Na verdade, a opinião de que as polícias prendem de um lado e o Judiciário liberta do outro é movida mais pela narrativa punitivista do que qualquer apreciação em números. Além do mais, ela é fruto do fascínio nutrido pela prisão, haja vista o sofrimento que as degradantes condições dos estabelecimentos prisionais podem causar aos apenados. Daí a justiça é feita quando as polícias prendem. Por outro lado, ocorrem injustiças e impunidades quando o Judiciário concede liberdade provisória aos acusados.

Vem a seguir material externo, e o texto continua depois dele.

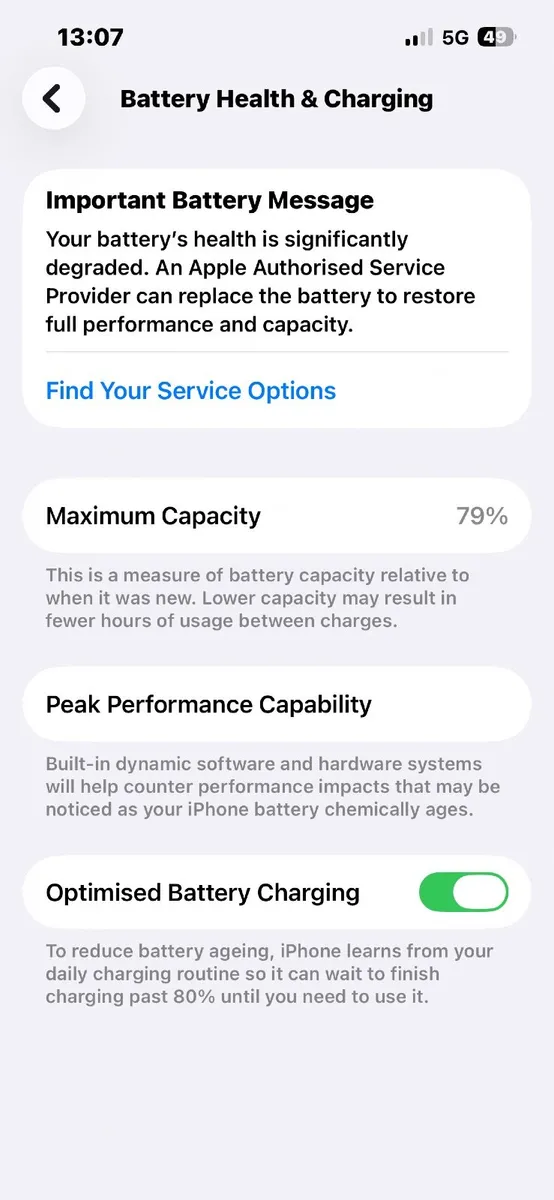 iPhone 13 128gb - Image 2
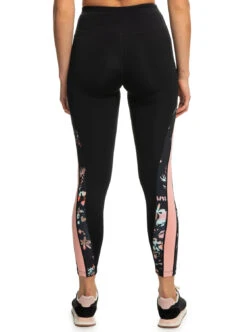 Roxy Shalala Love - Funktionelle Leggings Für Frauen -Modereich Geschaft erjnp03506 roxyw xkmn bck1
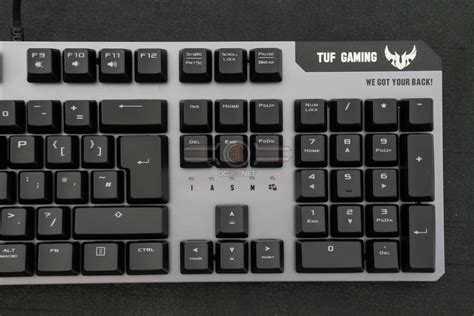 Asus tuf and rog are 2 different series. ASUS TUF Gaming K7 Keyboard Review | Up Close | Input ...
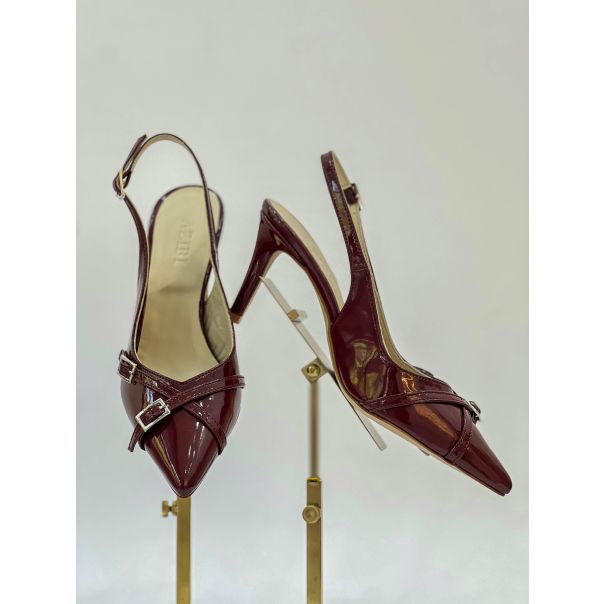 AZIBI Ženska sandala na štiklu - 1234567891002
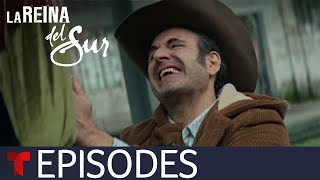 La Reina del Sur 3  Episode 29  Telemundo English [upl. by Lydell954]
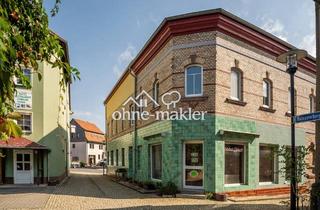 Mehrfamilienhaus kaufen in 06567 Bad Frankenhausen, Einzigartige Investitionsmöglichkeit Mitten in Bad Frankenhausen, vielseitig nutzbares MFH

Nesse contexto, medidas cautelares e outras restrições impostas em audiências de custódia são depreciadas como meios de punição estatal. Se as medidas alternativas carecem de efetividade, é outra história que só reforça o apelo à prisão. De todo modo, o instituto da Audiência de Custódia não é outra jaboticaba, mas hoje é instância imprescindível para regularidade de prisões, sobretudo em flagrantes. Nisso, vale destacar que o trabalho policial não é desconstituído, mas, ao contrário, pode ser convalidado, seja pela manutenção das prisões, aplicação de outras penalidades ou verificação de possíveis condutas ilegais de policiais.
Com efeito, a expressão “a polícia prende e a Justiça solta”, frequentemente exposto para desacreditar as audiências de custódia e exaltar as prisões executadas pelas polícias, não retrata a realidade, contudo, serve muito bem para lançar cortina de fumaça sobre o dilema da escassa capacidade estatal em articular segurança pública e justiça criminal. Esse é um paradoxo que não cabe num jogo de palavras.